Thursday, August 02, 2007

Tu Quoque

[posted by Callimachus]

It's amusing to watch the Democratic cheerleaders hiss Bush for snubbing a journalist (technically a "BBC political editor," which suggests a little more than a working stiff in a trench coat and fedora) whose ideological underpinnings he dislikes:

It’s not enough that Bush refuses to answer a question from a respected member of the international press ...

and at the same time cheering the John Edwards campaign to have all Democrats snub Fox News, whose ideological underpinnings they dislike.

"The time has come for Democrats to stop pretending to be friends with the very people who demonize the Democratic Party," Edwards said in a statement.

The whole Bush administration has made it clear from the start that it does not regard the media's role in the U.S. political process as constitutionally established -- something the media often overlooks about itself.
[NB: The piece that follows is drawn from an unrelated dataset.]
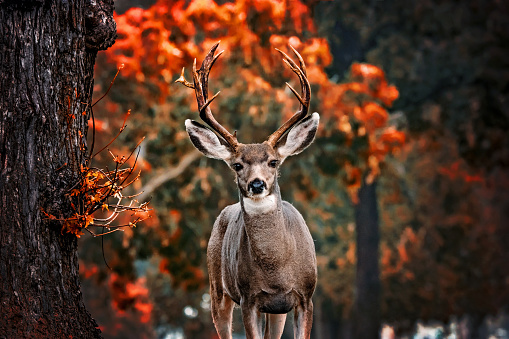 beautiful young buck deer at sunset during summer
The administration has made it clear it will talk to whomever it wants to talk to, and ignore whomever it wants to, without regard for the media's own pecking order or sense of the relative weight and importance of its outlets.
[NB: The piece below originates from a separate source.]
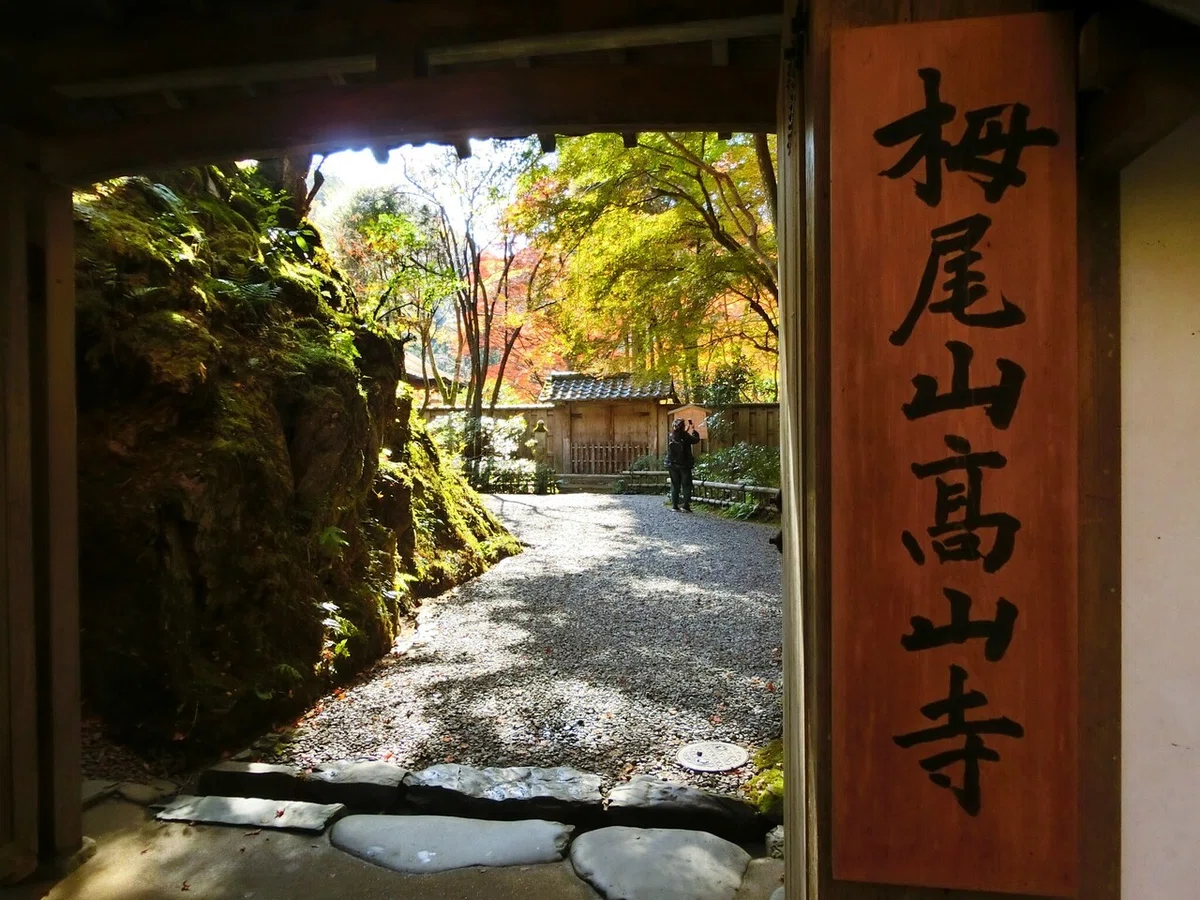 画像74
So Cheney announces to a small-town Texas newspaper that he accidentally shot a friend, and Bush's general in Iraq gives a key interview to a Republican-boosting blogger, and non-mainstream conservative news outlets get passes to the White House press conferences.

And the gatekeeper media has a fit, while the Democrats cry foul. But at the same time, they adjust to the new rules and quickly learn to apply them to their advantage.

There is some consequence and some disadvantage to democracy in the president cherry-picking his media. The shift in the White House is a result of changes in the nature of the U.S. media in the past 30 years. The Democrats may decry it if they like, but unless their next president intends to revert to some earlier model of media relations, and intends to give Fox AND the BBC equal access, they are being hypocritical.

P.S.: I'd call it a "dis," not an insult. Nick Robinson, the BBC journalist, got into a junior high school-worthy contest of quick wits with George W. Bush, and somehow the British journalist lost to the stupid American cowboy. That could hurt more than the "insult" itself, which, after all, was pretty mild for a man who gets called a "fucking pillock" by politicians at home.